Hõbevalgem was based on a wide material of ancient seafaring, and carefully unveils the secret of the legendary Ultima Thule. The name was given in classical times to the most northerly land, reputedly six days' voyage from Britain. Several alternative places for its location have been suggested, among them the Shetland Islands, Iceland, and Norway. According to Meri, it is possible that Thule derives from the old folk poetry of Estonia, which depicts the birth of the crater lake in Kaali, Saaremaa.
In the essay 'Tacituse tahtel' (2000) Meri examined ancient contacts between Estonia and the Roman empire and notes that furs, amber, and especially Livonian kiln-dried, infection free grain may have been Estonia's biggest contribution to the common culture of Europe – in lean years, it provided seed grain for Europe.

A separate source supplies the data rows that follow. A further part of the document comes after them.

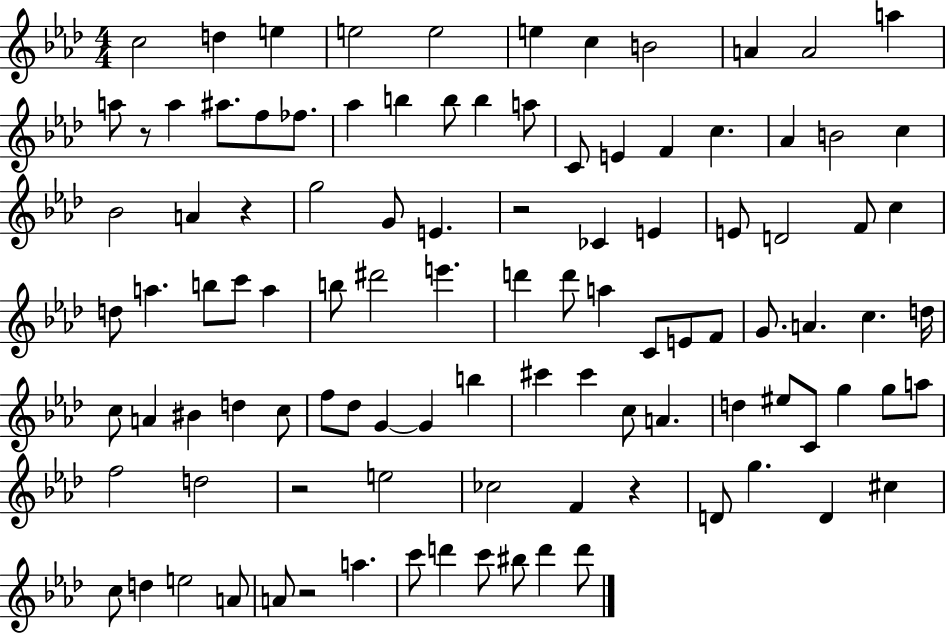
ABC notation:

X:1
T:Untitled
M:4/4
L:1/4
K:Ab
c2 d e e2 e2 e c B2 A A2 a a/2 z/2 a ^a/2 f/2 _f/2 _a b b/2 b a/2 C/2 E F c _A B2 c _B2 A z g2 G/2 E z2 _C E E/2 D2 F/2 c d/2 a b/2 c'/2 a b/2 ^d'2 e' d' d'/2 a C/2 E/2 F/2 G/2 A c d/4 c/2 A ^B d c/2 f/2 _d/2 G G b ^c' ^c' c/2 A d ^e/2 C/2 g g/2 a/2 f2 d2 z2 e2 _c2 F z D/2 g D ^c c/2 d e2 A/2 A/2 z2 a c'/2 d' c'/2 ^b/2 d' d'/2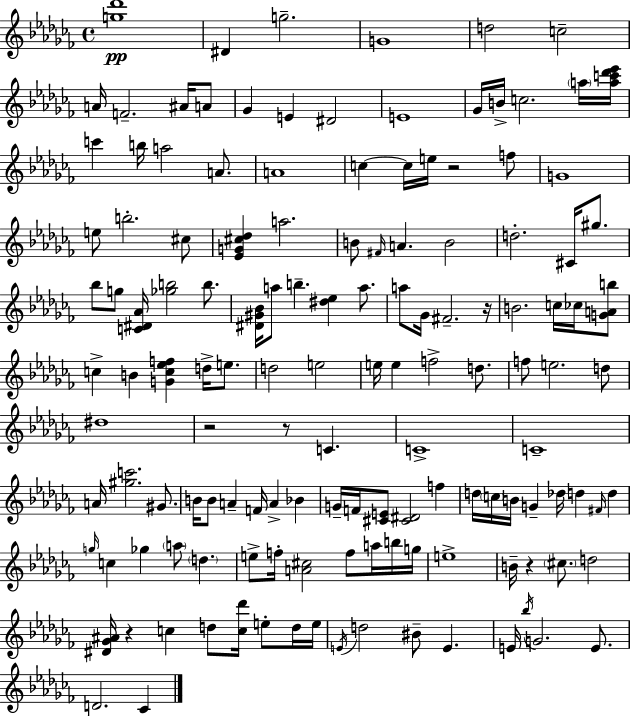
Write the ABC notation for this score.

X:1
T:Untitled
M:4/4
L:1/4
K:Abm
[g_d']4 ^D g2 G4 d2 c2 A/4 F2 ^A/4 A/2 _G E ^D2 E4 _G/4 B/4 c2 a/4 [ac'_d'_e']/4 c' b/4 a2 A/2 A4 c c/4 e/4 z2 f/2 G4 e/2 b2 ^c/2 [_EG^c_d] a2 B/2 ^F/4 A B2 d2 ^C/4 ^g/2 _b/2 g/2 [C^D_A]/4 [_gb]2 b/2 [^D^G_B]/4 a/2 b [^d_e] a/2 a/2 _G/4 ^F2 z/4 B2 c/4 _c/4 [GAb]/2 c B [Gc_ef] d/4 e/2 d2 e2 e/4 e f2 d/2 f/2 e2 d/2 ^d4 z2 z/2 C C4 C4 A/4 [^gc']2 ^G/2 B/4 B/2 A F/4 A _B G/4 F/4 [^CE]/2 [^C^D]2 f d/4 c/4 B/4 G _d/4 d ^F/4 d g/4 c _g a/2 d e/2 f/4 [A^c]2 f/2 a/4 b/4 g/4 e4 B/4 z ^c/2 d2 [^D_G^A]/4 z c d/2 [c_d']/4 e/2 d/4 e/4 E/4 d2 ^B/2 E E/4 _b/4 G2 E/2 D2 _C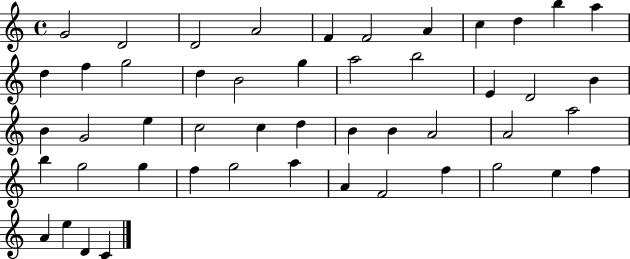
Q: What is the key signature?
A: C major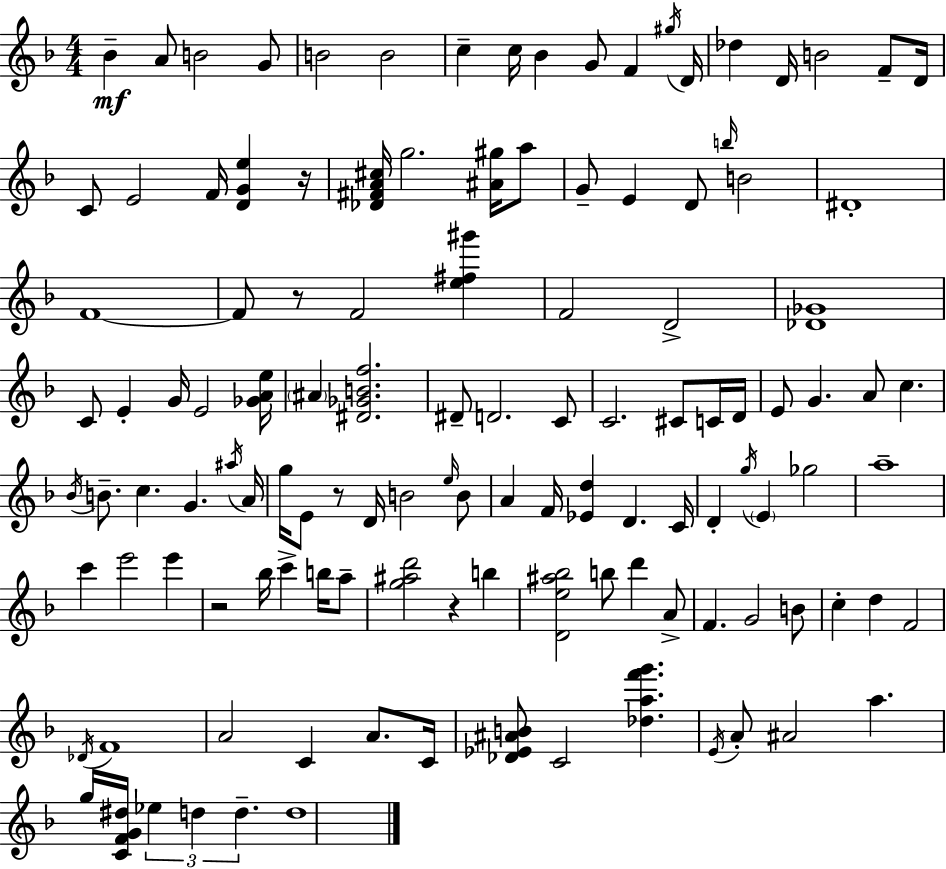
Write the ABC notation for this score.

X:1
T:Untitled
M:4/4
L:1/4
K:Dm
_B A/2 B2 G/2 B2 B2 c c/4 _B G/2 F ^g/4 D/4 _d D/4 B2 F/2 D/4 C/2 E2 F/4 [DGe] z/4 [_D^FA^c]/4 g2 [^A^g]/4 a/2 G/2 E D/2 b/4 B2 ^D4 F4 F/2 z/2 F2 [e^f^g'] F2 D2 [_D_G]4 C/2 E G/4 E2 [_GAe]/4 ^A [^D_GBf]2 ^D/2 D2 C/2 C2 ^C/2 C/4 D/4 E/2 G A/2 c _B/4 B/2 c G ^a/4 A/4 g/4 E/2 z/2 D/4 B2 e/4 B/2 A F/4 [_Ed] D C/4 D g/4 E _g2 a4 c' e'2 e' z2 _b/4 c' b/4 a/2 [g^ad']2 z b [De^a_b]2 b/2 d' A/2 F G2 B/2 c d F2 _D/4 F4 A2 C A/2 C/4 [_D_E^AB]/2 C2 [_daf'g'] E/4 A/2 ^A2 a g/4 [CFG^d]/4 _e d d d4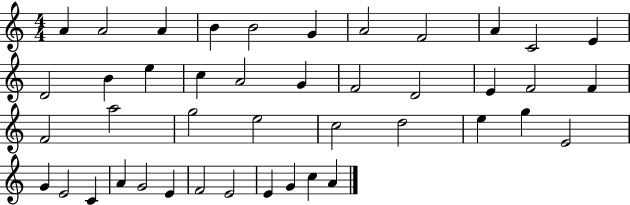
A4/q A4/h A4/q B4/q B4/h G4/q A4/h F4/h A4/q C4/h E4/q D4/h B4/q E5/q C5/q A4/h G4/q F4/h D4/h E4/q F4/h F4/q F4/h A5/h G5/h E5/h C5/h D5/h E5/q G5/q E4/h G4/q E4/h C4/q A4/q G4/h E4/q F4/h E4/h E4/q G4/q C5/q A4/q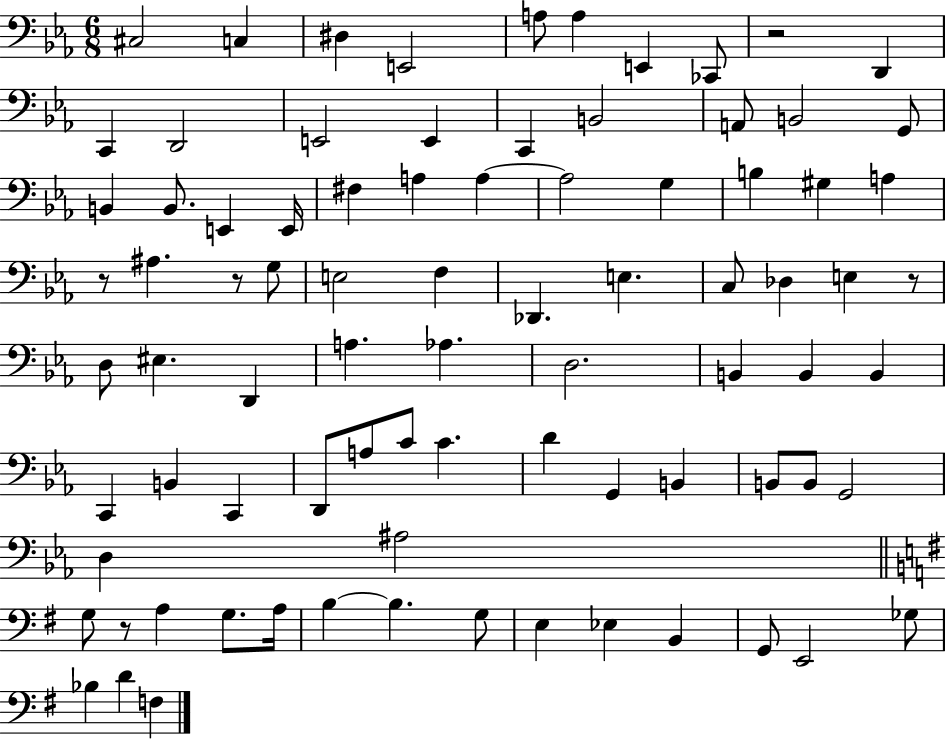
{
  \clef bass
  \numericTimeSignature
  \time 6/8
  \key ees \major
  cis2 c4 | dis4 e,2 | a8 a4 e,4 ces,8 | r2 d,4 | \break c,4 d,2 | e,2 e,4 | c,4 b,2 | a,8 b,2 g,8 | \break b,4 b,8. e,4 e,16 | fis4 a4 a4~~ | a2 g4 | b4 gis4 a4 | \break r8 ais4. r8 g8 | e2 f4 | des,4. e4. | c8 des4 e4 r8 | \break d8 eis4. d,4 | a4. aes4. | d2. | b,4 b,4 b,4 | \break c,4 b,4 c,4 | d,8 a8 c'8 c'4. | d'4 g,4 b,4 | b,8 b,8 g,2 | \break d4 ais2 | \bar "||" \break \key g \major g8 r8 a4 g8. a16 | b4~~ b4. g8 | e4 ees4 b,4 | g,8 e,2 ges8 | \break bes4 d'4 f4 | \bar "|."
}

For further reading: Meie Lennart, ed. by Pekka Erelt and Tarmo Vahter (1999); Lennart Meri - Eestile elatud elu by Andreas Oplatka (2000); Sateenkaaren värit: Lennart Meren elämä by Kulle Raig (2001); The Baltic States: Estonia, Latvia and Lithuania, by David J. Smith, et al. (2002) - See other writer/statesmen: Václac Havel, Léopold Senghor - Note: Lennart Meri's cousin Arnold Meri, who was loyal to the Communist Party, was put on trial at the age of 88 for genocide in connection with the forced deportation of some 251 Estonians from the island of Hiiumaa to Siberia in March 1949.